Merging these government departments isn't just a bad plan for Britain—it's bad for Boris Johnson

Merging the foreign office and Dfid wouldn't only hand over the aid budget from one of the world’s most respected aid deliverers to one of the least—it also causes problems for the prime minister

February 12, 2020
British Prime Minister Boris Johnson leaves 10 Downing Street. Photo: PA
British Prime Minister Boris Johnson leaves 10 Downing Street. Photo: PA

It’s a seven-minute walk from the grand 19th century Gilbert Scott-designed Foreign and Commonwealth Office on King Charles Street to the less salubrious home of the Department for International Development on Whitehall, opposite a McDonalds and next door to a pub. The divide also exists in most countries in which the two government departments operate—they may be representing the same government, but they are often housed in separate buildings, or even in the same building but with different entrances.

The difference is not just geographical. The two departments often have different priorities; British national interests and the aid policies that are right for a developing nation are not always the same thing.

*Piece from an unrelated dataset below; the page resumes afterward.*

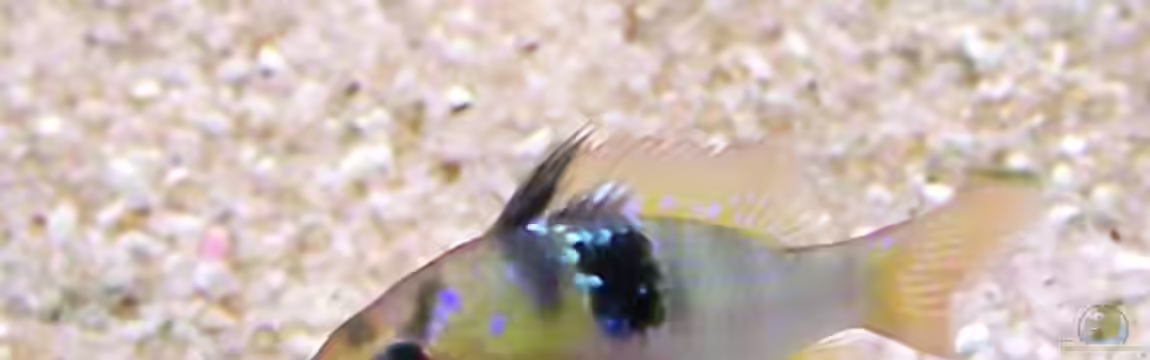 Becken 18021 von Regina Schill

When foreign office diplomats had responsibility for overseas development assistance—which ended in 1997 with the creation of Dfid—the former usually took precedence. The Pergau dam scandal in the 1990s—in which ministers approved more than £200m in aid against the advice of civil servants—was the most outrageous and high-profile example, but it was far from the exception. Separating the two departments was a way to recognise the often conflicting nature of their work.

But if the prime minister and foreign secretary get their way—and given they are the two most important people in British foreign policy it would be a surprise if they did not—then Britain’s rival international departments are about to merge.

Merge is actually the wrong word. This is a takeover by a foreign office that, at the top, has never come to terms with the removal of overseas development assistance (ODA) from its remit in 1997. Simon Macdonald, the current head of the foreign office, has made it clear to colleagues that he would welcome the return of Dfid. When I interviewed him in 2018, he emphasised the need for “clear leadership” in foreign policy.

That longing doesn’t necessarily exist further down the diplomatic chain. Diplomats in their 40s joined after the split—while they may have experienced Dfid and FCO staff butting against each other in the field, they have none of the rose-tinted memories of their seniors or aid staff obediently following orders from an ambassador.

The aid and development industry is, understandably, anxious. Dfid has had its issues over the past 22 years—at times it has been far too supportive of dictators and autocrats—but on the whole, British aid led by Dfid has been a success. It is regularly cited as one of the world’s most effective donors and is seen as a genuinely effective example of British soft power.

The aid industry’s arguments against the foreign office takeover have been made before—and they won’t make any differenceRather than asking whether the takeover is good for Britain’s international development work, then, it’s worth asking two different questions. Is the takeover good for the foreign office? And is it good for Number 10?

*** Let’s start with the foreign office. Certainly, the move is good for the foreign secretary. Dominic Raab will become a much more powerful figure: the preeminent foreign policy voice in government, around the cabinet table and at the national security council. It’s good for senior diplomats at King Charles Street, too, who will struggle to see the downside in expanding their empire.

Whether it’s good for the organisation as a whole is less clear-cut. There will be teething problems with reporting lines (will Dfid country directors now report to ambassadors rather than London?), while the scale of the budget increase (Dfid’s budget is more than 10 times that of the foreign office) could have consequences for the outlook of the whole organisation.

If the foreign office has responsibility for the aid budget it will also have responsibility for aid scandals, real or imagined, that find their way on to the front pages of right-wing tabloids. Those scandals may even increase. The foreign office already delivers a portion of British aid—and by every metric it does the job incredibly badly. Britain will be handing over control of its aid budget from one of the world’s most respected aid deliverers to one of the least.

And what about the prime minister? As foreign secretary, Johnson made clear he wanted control of Dfid. Shortly after he resigned he wrote the foreword to a report that called for a merger. So, it’s hardly a surprise that now he has the power to make that aspiration a reality he is probably going to do it.

But those who have worked on foreign policy from Downing Street rather than King Charles Street, are less convinced. Dfid is a great asset for a prime minister—big aid announcements have often been made by the PM rather than the relatively lowly international development secretary. As one former Downing Street official put it to me the takeover will “empower the foreign secretary at the expense of the prime minister.”

If the foreign office takes over Dfid, Boris Johnson will have increased the power of a political rival, reduced his own ability to make a splash in foreign policy, and diminished the UK’s soft power. The takeover would have been good for Boris Johnson the foreign secretary—it’s not so wise for Boris Johnson the prime minister.